From: Muhammad Usama Anjum <usama.anjum@collabora.com>
To: Andrei Vagin <avagin@gmail.com>
Cc: "Muhammad Usama Anjum" <usama.anjum@collabora.com>,
	"Peter Xu" <peterx@redhat.com>,
	"David Hildenbrand" <david@redhat.com>,
	"Michał Mirosław" <emmir@google.com>,
	"Danylo Mocherniuk" <mdanylo@google.com>,
	"Paul Gofman" <pgofman@codeweavers.com>,
	"Cyrill Gorcunov" <gorcunov@gmail.com>,
	"Mike Rapoport" <rppt@kernel.org>,
	"Nadav Amit" <namit@vmware.com>,
	"Alexander Viro" <viro@zeniv.linux.org.uk>,
	"Shuah Khan" <shuah@kernel.org>,
	"Christian Brauner" <brauner@kernel.org>,
	"Yang Shi" <shy828301@gmail.com>,
	"Vlastimil Babka" <vbabka@suse.cz>,
	"Liam R . Howlett" <Liam.Howlett@oracle.com>,
	"Yun Zhou" <yun.zhou@windriver.com>,
	"Suren Baghdasaryan" <surenb@google.com>,
	"Alex Sierra" <alex.sierra@amd.com>,
	"Matthew Wilcox" <willy@infradead.org>,
	"Pasha Tatashin" <pasha.tatashin@soleen.com>,
	"Axel Rasmussen" <axelrasmussen@google.com>,
	"Gustavo A . R . Silva" <gustavoars@kernel.org>,
	"Dan Williams" <dan.j.williams@intel.com>,
	linux-kernel@vger.kernel.org, linux-fsdevel@vger.kernel.org,
	linux-mm@kvack.org, linux-kselftest@vger.kernel.org,
	"Greg KH" <gregkh@linuxfoundation.org>,
	kernel@collabora.com, "Andrew Morton" <akpm@linux-foundation.org>
Subject: Re: [PATCH v25 2/5] fs/proc/task_mmu: Implement IOCTL to get and optionally clear info about PTEs
Date: Tue, 18 Jul 2023 21:27:46 +0500	[thread overview]
Message-ID: <ff953d3f-2a55-44dd-c69c-b82b7944448a@collabora.com> (raw)

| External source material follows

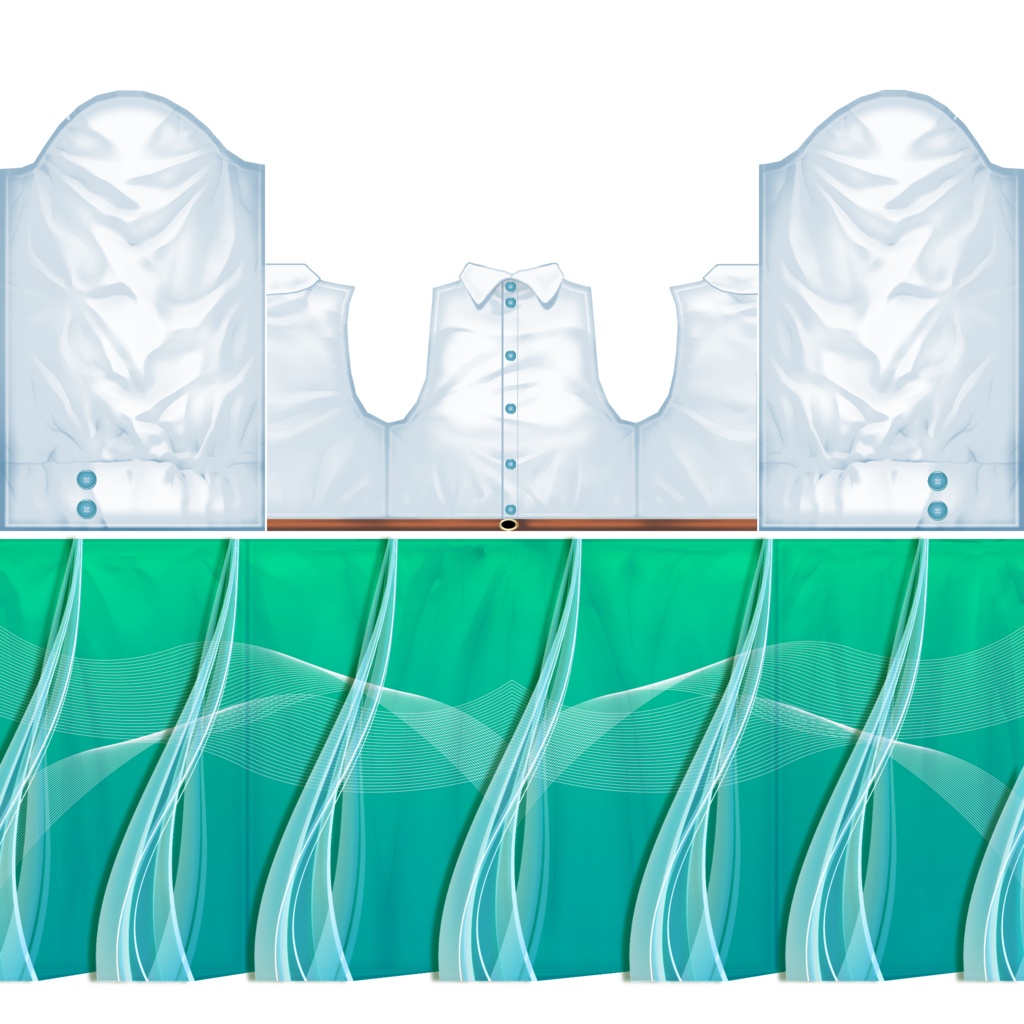 【VRoid/無料】波柄ワンピース+バッシュ3色セット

In-Reply-To: <CANaxB-y2C+gu9Z5MyKQEZATU6dscd04+PeJNNgvhYLp+31_Nrw@mail.gmail.com>

On 7/18/23 9:08 PM, Andrei Vagin wrote:
...
>>>> +static int pagemap_scan_pte_hole(unsigned long addr, unsigned long end,
>>>> +                                int depth, struct mm_walk *walk)
>>>> +{
>>>> +       unsigned long n_pages = (end - addr)/PAGE_SIZE;
>>>> +       struct pagemap_scan_private *p = walk->private;
>>>> +       struct vm_area_struct *vma = walk->vma;
>>>> +       bool interesting = true;
>>>> +       unsigned long bitmap;
>>>> +       int ret = 0;
>>>> +
>>>> +       if (!vma)
>>>> +               return 0;
>>>> +
>>>> +       bitmap = PM_SCAN_FLAGS(false, false, false, false, false);
>>>> +
>>>> +       if (IS_PM_SCAN_GET(p->flags))

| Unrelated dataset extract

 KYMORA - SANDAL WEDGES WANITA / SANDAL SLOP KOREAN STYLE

>>>> +               interesting = pagemap_scan_is_interesting_page(bitmap, p);
>>>> +
>>>> +       if (interesting) {
>>>> +               if (IS_PM_SCAN_GET(p->flags)) {
>>>> +                       if (n_pages > p->max_pages - p->found_pages)

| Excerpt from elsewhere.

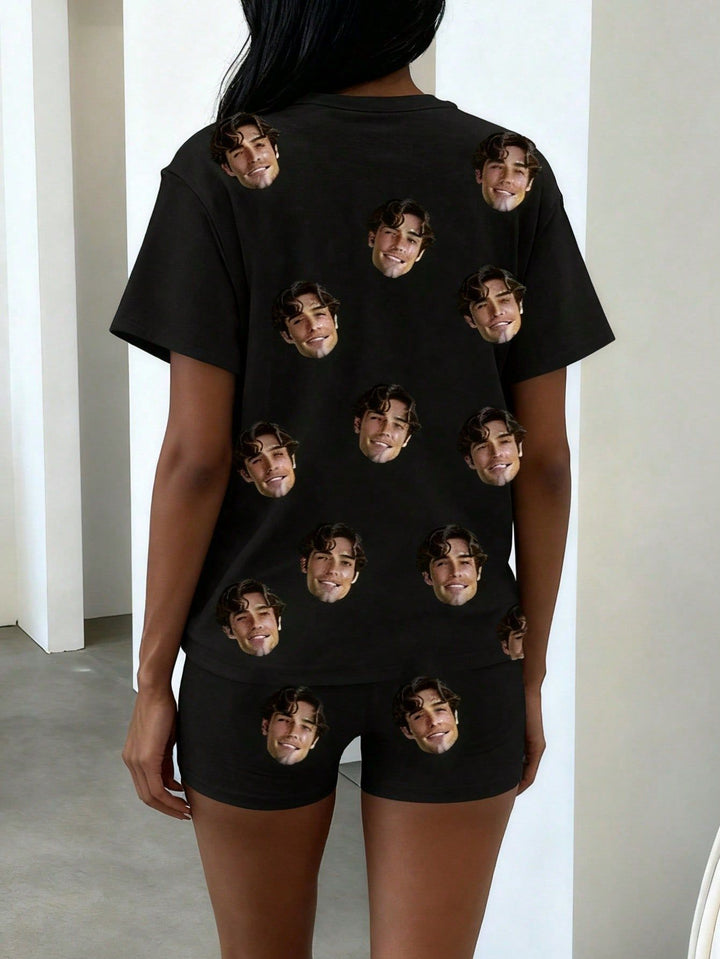 Custom Face Pajama Set for Women Personalized Photo T-Shirt and Shorts Cozy Loungewear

>>>> +                               n_pages = p->max_pages - p->found_pages;
>>>> +
>>>> +                       ret = pagemap_scan_output(bitmap, p, addr, n_pages);
>>>> +               }
>>>> +
>>>> +               if (IS_PM_SCAN_WP(p->flags) && !ret &&
>>>> +                   uffd_wp_range(vma, addr, end - addr, true) < 0)
>>>
>>> Why do we need to call uffd_wp_range for holes? Should we call
>>> flush_tlb_range after it?
> 
> Did you skip this question?
Sorry, missed it the first time. In case of holes, there isn't any pmd or
pte. But we need to place the PTE markers indicating that this memory is
WPed. So we can parse the address range from PGD ourselves and place the
markers. Or we can use the uffd_wp_range(). Using uffd_wp_range() for this
case seems optimal. We don't need to do flush as uffd_wp_range() flushes
the range by itself.

> 
>>>
>>>> +                       ret = -EINVAL;
>>>> +       }
>>>> +
>>>> +       return ret;
>>>> +}
>>>> +
>>>> +static const struct mm_walk_ops pagemap_scan_ops = {
>>>> +       .test_walk = pagemap_scan_test_walk,
>>>> +       .pmd_entry = pagemap_scan_pmd_entry,
>>>> +       .pte_hole = pagemap_scan_pte_hole,
>>>> +       .hugetlb_entry = pagemap_scan_hugetlb_entry,
>>>> +};
>>>> +
>>>> +static int pagemap_scan_args_valid(struct pm_scan_arg *arg, unsigned long start,
>>>> +                                  unsigned long end, struct page_region __user *vec)
>>>> +{
>>>> +       /* Detect illegal size, flags, len and masks */
>>>> +       if (arg->size != sizeof(struct pm_scan_arg))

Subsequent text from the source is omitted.